Mahmoud Abbas et le chef du Hamas Ismaël Haniyeh installé à Beyrouth, ont tenu une réunion virtuelle pour promouvoir l’unité palestinienne face à l’établissement des relations diplomatiques entre les Émirats. Haniyeh a qualifié cette rencontre télématique d’«historique» et a déclaré qu’un «saut qualitatif a été fait ces derniers mois» pour mettre fin à la division entre les deux clans remontant à 14 ans. Bien sûr, les deux dirigeants ont été unanimes pour rejeter le pacte de normalisation entre Israël et les Émirats. Ils croyaient que le plan de paix de Donald Trump tendait à résoudre le conflit israélo-palestinien en créant un État palestinien avec un soutien financier important. Mais la communauté arabe et les Palestiniens ont rejeté l’offre américaine car elle envisageait l’annexion des territoires de Cisjordanie par Israël.

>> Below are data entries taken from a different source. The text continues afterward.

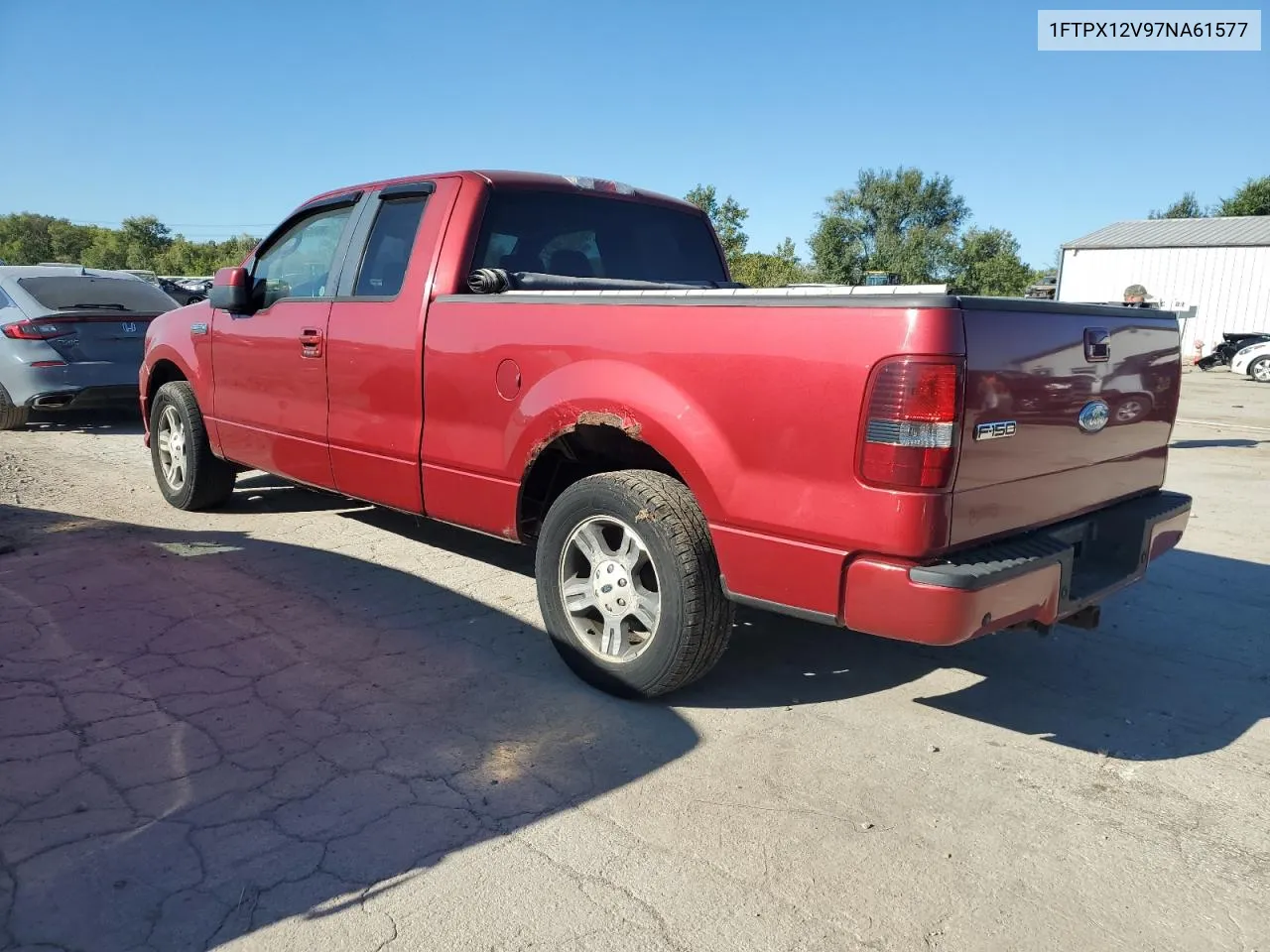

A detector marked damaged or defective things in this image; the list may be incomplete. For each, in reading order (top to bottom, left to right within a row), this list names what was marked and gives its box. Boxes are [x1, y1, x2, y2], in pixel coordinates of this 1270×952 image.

cracked pavement [0, 375, 1264, 952]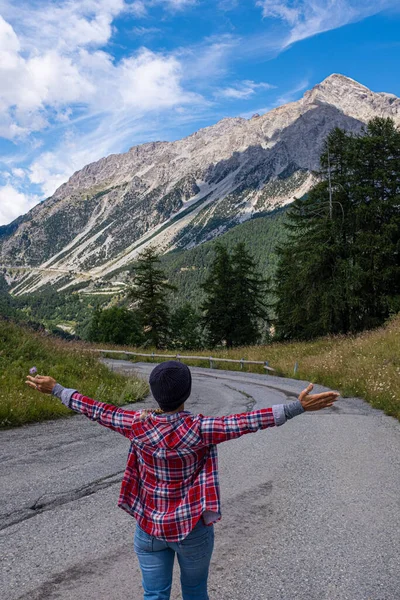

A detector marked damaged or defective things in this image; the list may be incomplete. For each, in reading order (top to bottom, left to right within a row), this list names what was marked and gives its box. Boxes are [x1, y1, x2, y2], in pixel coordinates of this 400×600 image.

cracked asphalt [0, 360, 400, 600]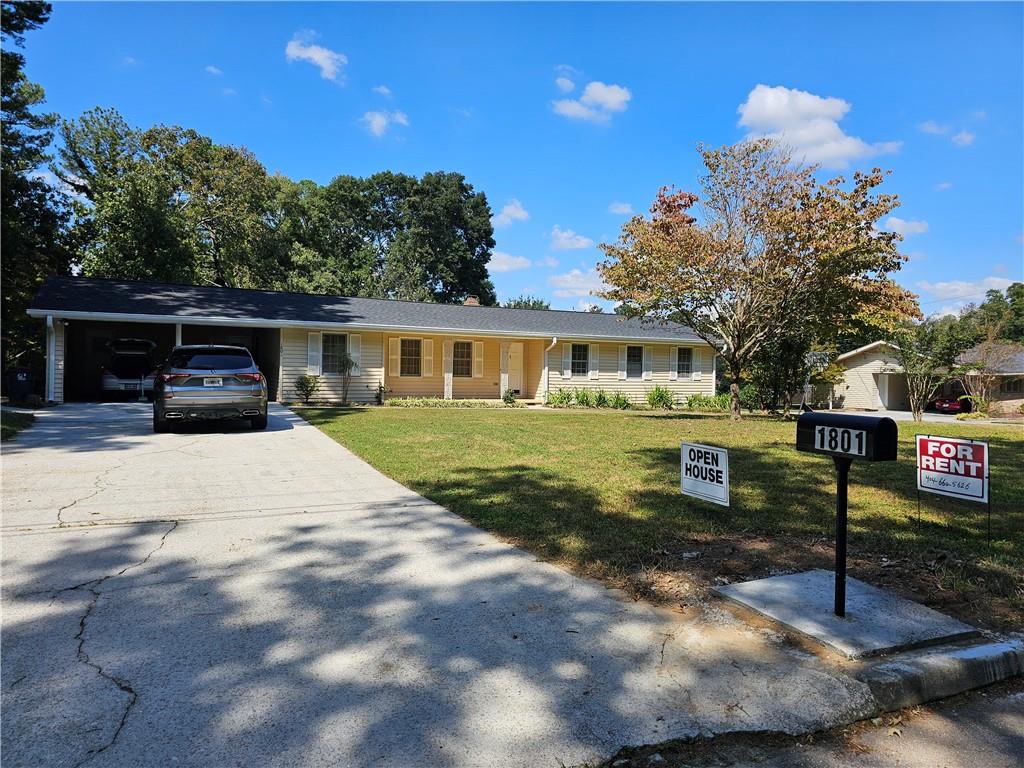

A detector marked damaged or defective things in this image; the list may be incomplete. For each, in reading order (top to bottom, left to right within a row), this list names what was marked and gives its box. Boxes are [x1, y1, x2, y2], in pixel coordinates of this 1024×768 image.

cracked pavement [4, 404, 876, 764]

Mahmoud Abbas refuse que les États-Unis soient les seuls médiateurs à une table de négociations. Quand à Haniyeh, il persiste dans ses antiennes. Il exige le droit au retour des réfugiés arabes et surtout Jérusalem comme capitale palestinienne. Pour lui, il faut s’entendre sur un «programme politique national commun comme alternative aux accords d’Oslo de 1993» et «mettre fin à la division et construire une position palestinienne unifiée».
Les rêves n’ont pas de limites.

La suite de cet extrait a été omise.